BEGIN

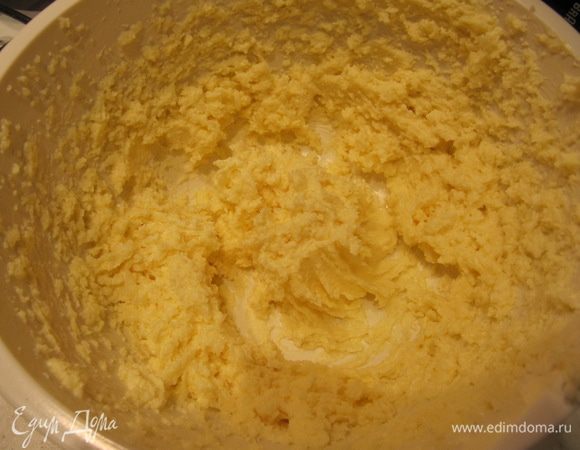 Размягченное сливочное масло взбить с сахаром и ванилином.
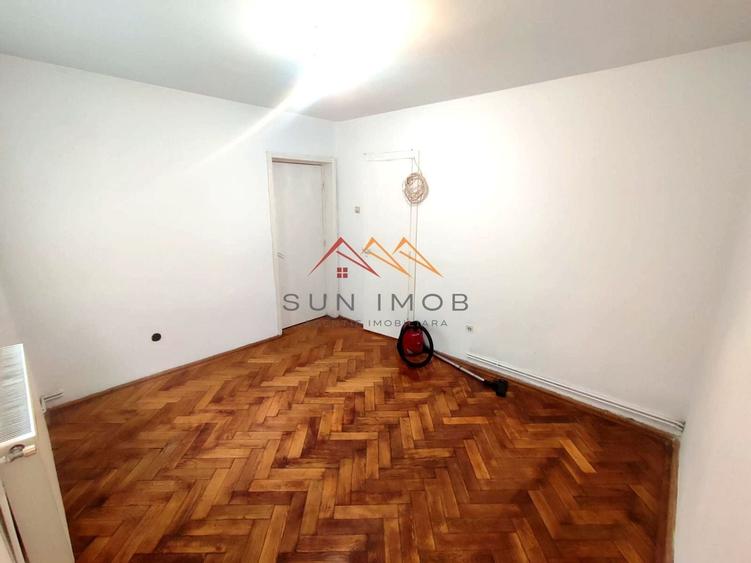 Apartament cu 3 camere semidecomandat în Central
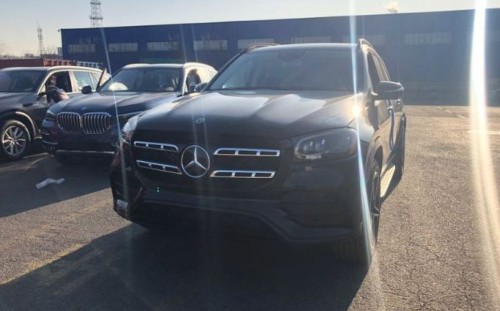2020款奔驰GLS450店内现车优惠支持预定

END

» **ASSIGNMENT**:
Quote the data above in full and without alteration; skip the pictures.

» **EXERCISE SOLUTION**:
 Размягченное сливочное масло взбить с сахаром и ванилином.
 Apartament cu 3 camere semidecomandat în Central
2020款奔驰GLS450店内现车优惠支持预定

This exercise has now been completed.